PROVIDED ENTRIES:
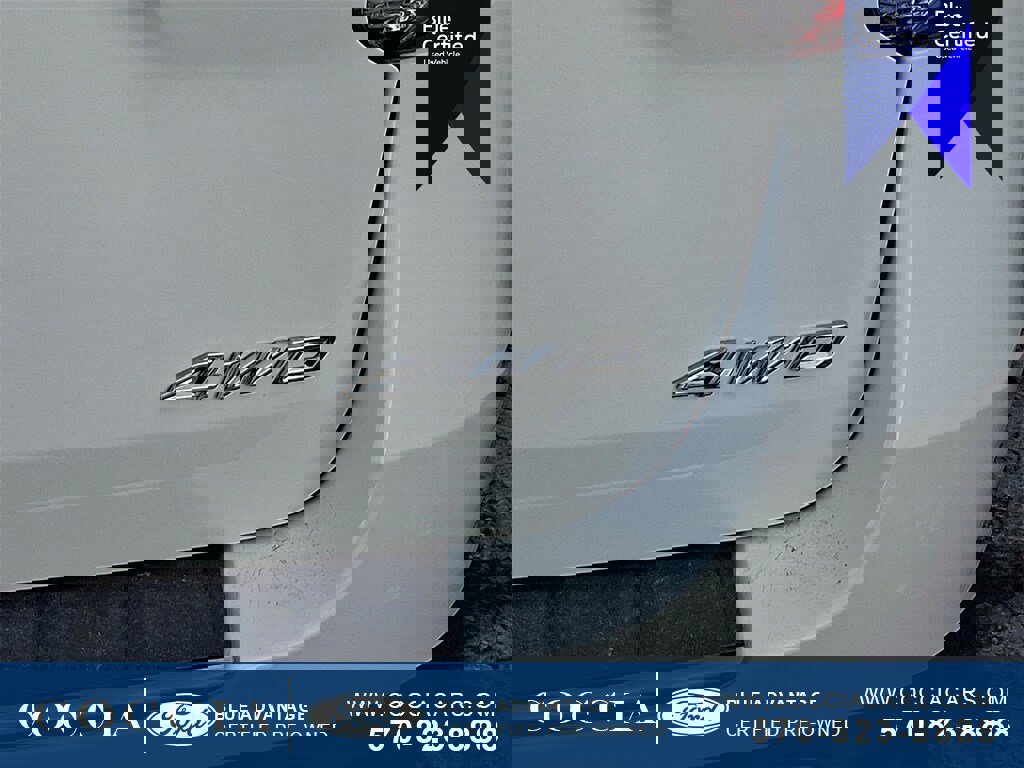 Certified 2024 Ford Explorer Platinum w/ Technology Package image 32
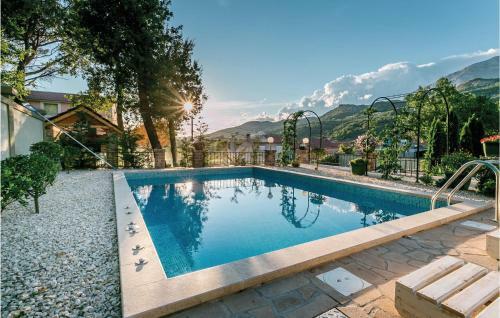 Six-bedroom Holiday Home In Herceg Novi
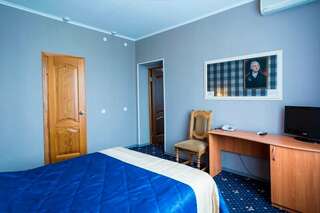 Фото Гостиница Бристоль Ейск Люкс с 1 спальней 5 Гостиница Бристоль Ейск Люкс с 1 спальней-5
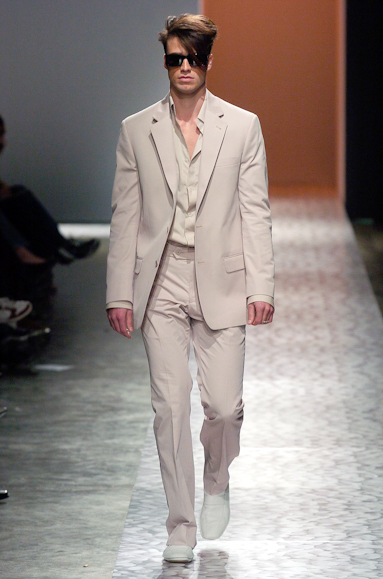 desfiles-ricardoalmeida-saopauloverao2005rtw-100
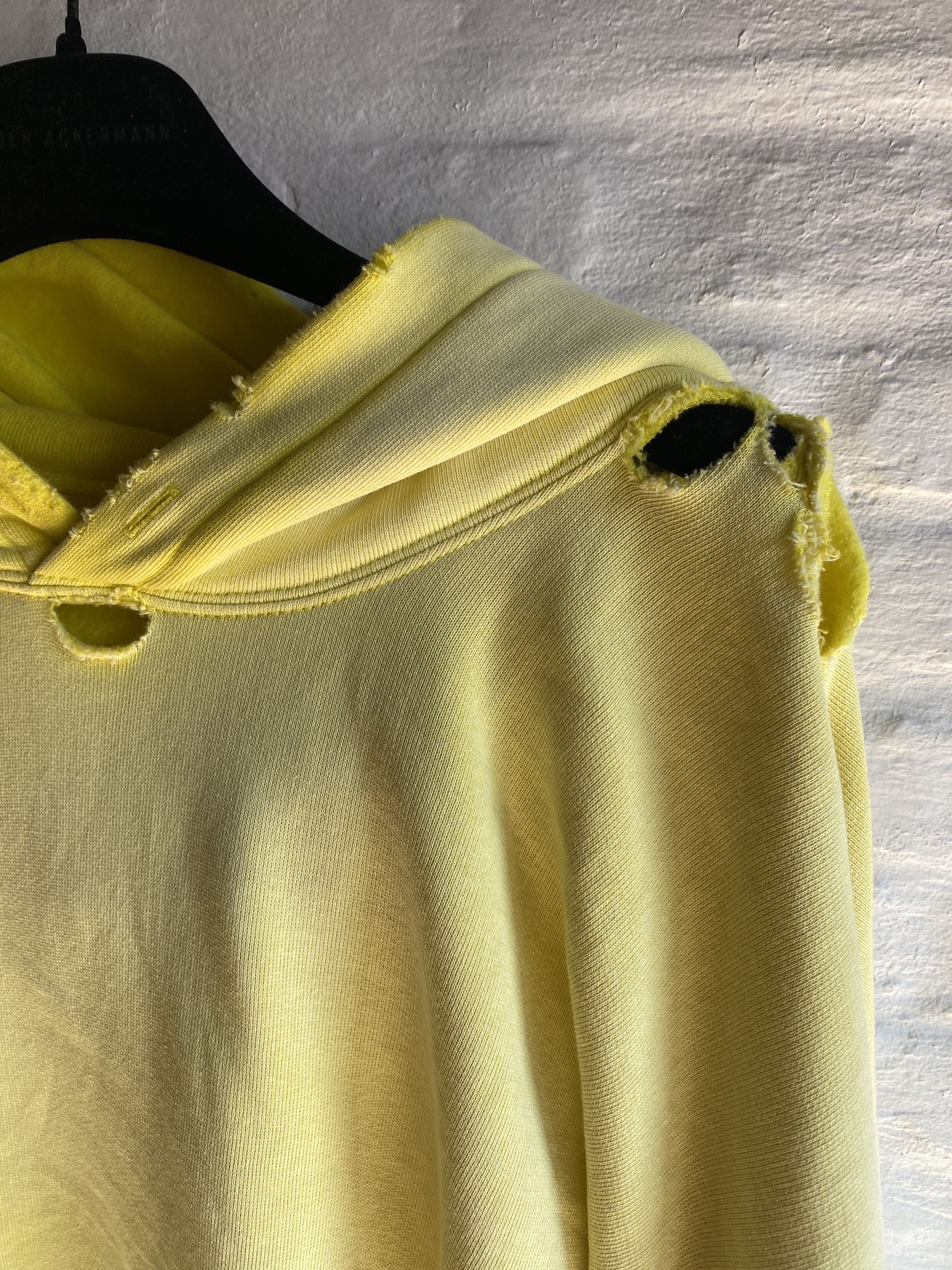 Balenciaga Oversized Yellow Faded Destroyed Hoodie Size S Size US S / EU 44-46 / 1 - 3 Thumbnail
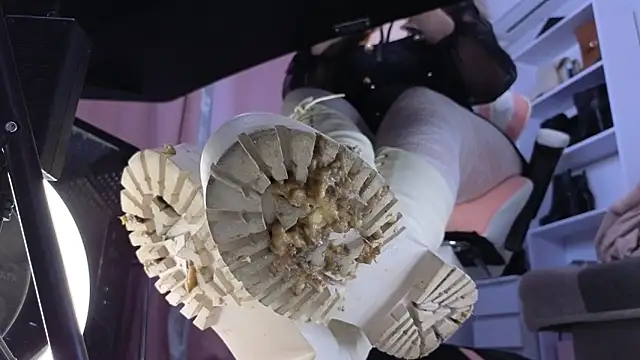 CruelSiren's cam snapshot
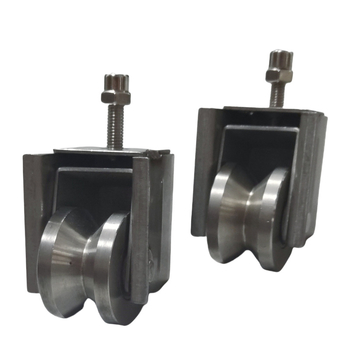 Prilagodljiva kutna kotač za klizna vrata — nehrđajući čelik/nylon; debljina stijenke 1,5; polumjer žlijebova užeta 16; izrada po nacrtima; pogodno za transport vrata i prozora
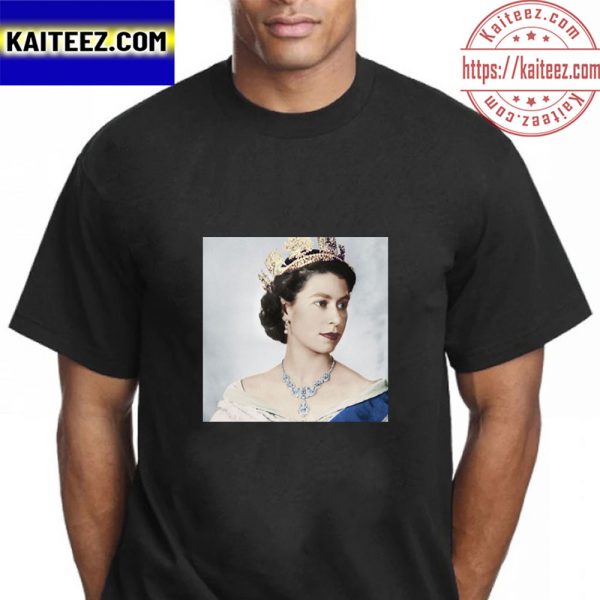 RIP Her Majesty The Queen Elizabeth II 1926 2022 Vintage T-Shirt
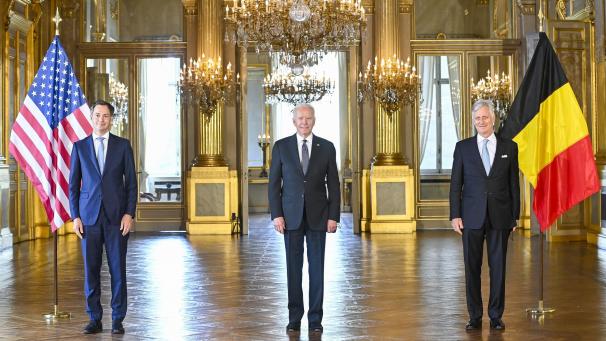 <p>US-Präsident Joe Biden (m.), umringt von König Philippe (r.) und Premierminister Alexander De Croo, während seiner Visite im Königlichen Palast in Brüssel am Dienstagmittag.</p>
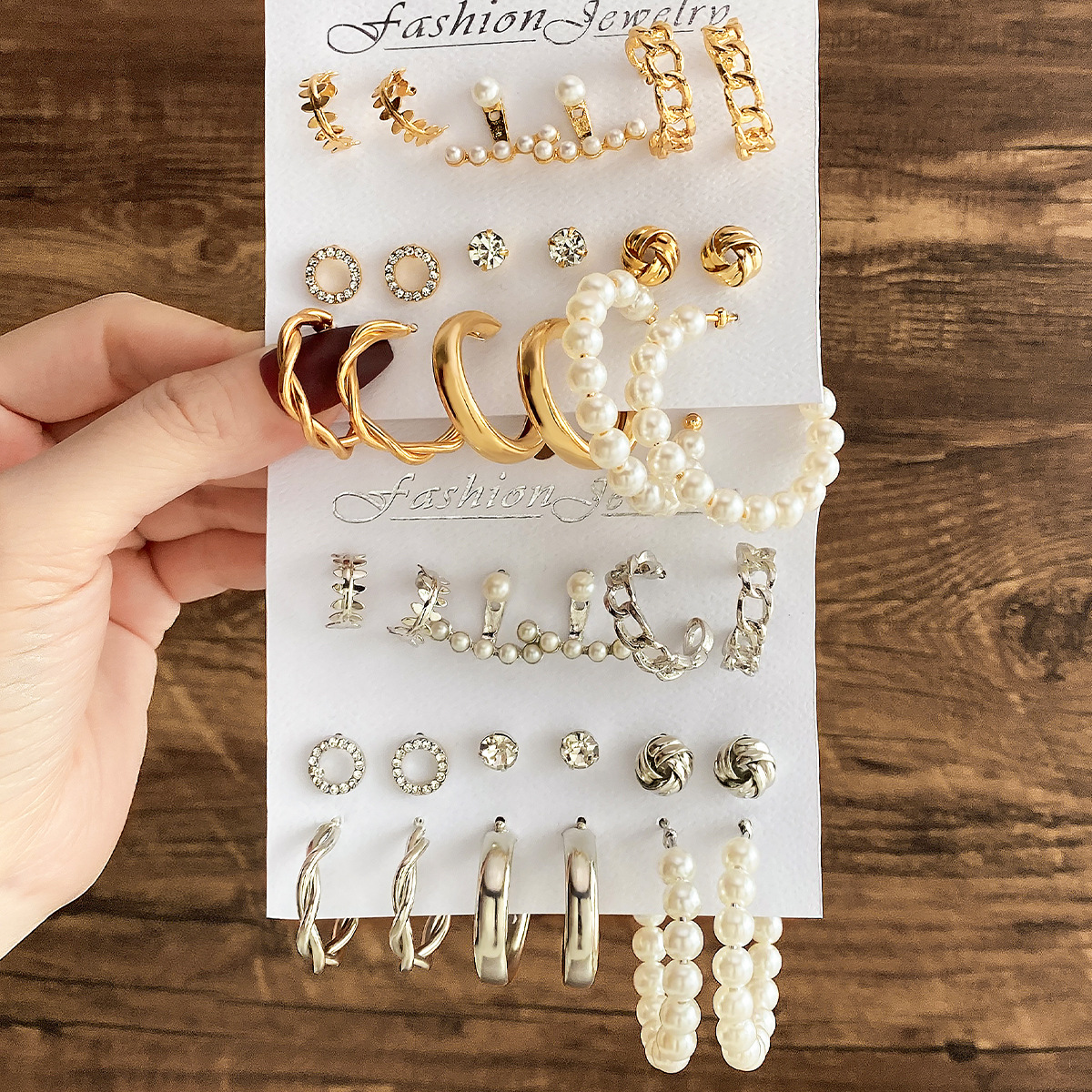 A new batch of 9-piece creative French retro gold earrings set with pearl inlays for cross-border women from Europe and America full figure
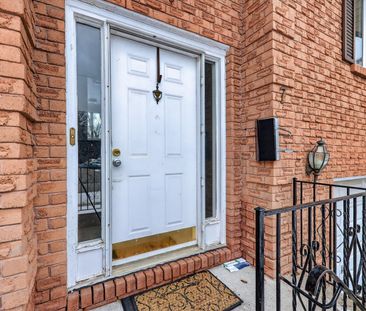 For Lease - 7 Eastwood Avenue, Oshawa, Ontario - Photo 2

YOUR GOAL: Which lines fall between the one containing "A new batch" and the last line of the listing, both included? Give them again exactly, without the pictures.

RESPONSE:
 A new batch of 9-piece creative French retro gold earrings set with pearl inlays for cross-border women from Europe and America full figure
 For Lease - 7 Eastwood Avenue, Oshawa, Ontario - Photo 2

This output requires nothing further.